Abstract

Recently, the integrated impact indicator (I3) was introduced where citations are weighted in accordance with the percentile rank class of each publication in a set of publications. I3 can also be used as a field-normalized indicator. Field-normalization is common practice in bibliometrics, especially when institutions and countries are compared. Publication and citation practices are so different among fields that citation impact is normalized for cross-field comparisons. In this study, we test the ability of the indicator to discriminate between quality levels of papers as defined by Faculty members at F1000Prime. F1000Prime is a post-publication peer review system for assessing papers in the biomedical area. Thus, we test the convergent validity of I3 (in this study, we test I3/N—the size-independent variant of I3 where I3 is divided by the number of papers) using assessments by peers as baseline and compare its validity with several other (field-normalized) indicators: the mean-normalized citation score, relative-citation ratio, citation score normalized by cited references, characteristic scores and scales, source-normalized citation score, citation percentile, and proportion of papers which belong to the x% most frequently cited papers (PPtop x%). The results show that the PPtop 1% indicator discriminates best among different quality levels. I3 performs similar as (slightly better than) most of the other field-normalized indicators.

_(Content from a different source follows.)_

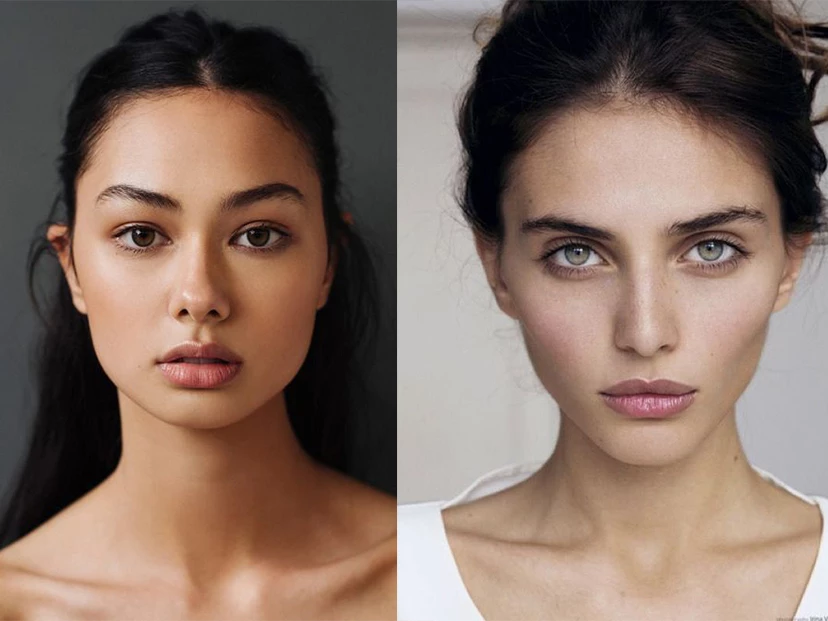 delineado transparente o tighlining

Thus, the results point out that the indicator could be a valuable alternative to other indicators in bibliometrics.

Highlights

  • In the application of citation analysis in research evaluation, one may need to compare the citation impact of publications from different fields

  • We discuss the various field-normalized indicators which are used for the comparison with the I3 indicator: mean-normalized citation score (MNCS), relativecitation ratio (RCR), citation score normalized by cited references (CSNCR), characteristic scores and scales (CSS), source normalized citation score (SNCS), citation percentile, and proportion of papers which belong to the x% most frequently cited papers ­(PPtop x%)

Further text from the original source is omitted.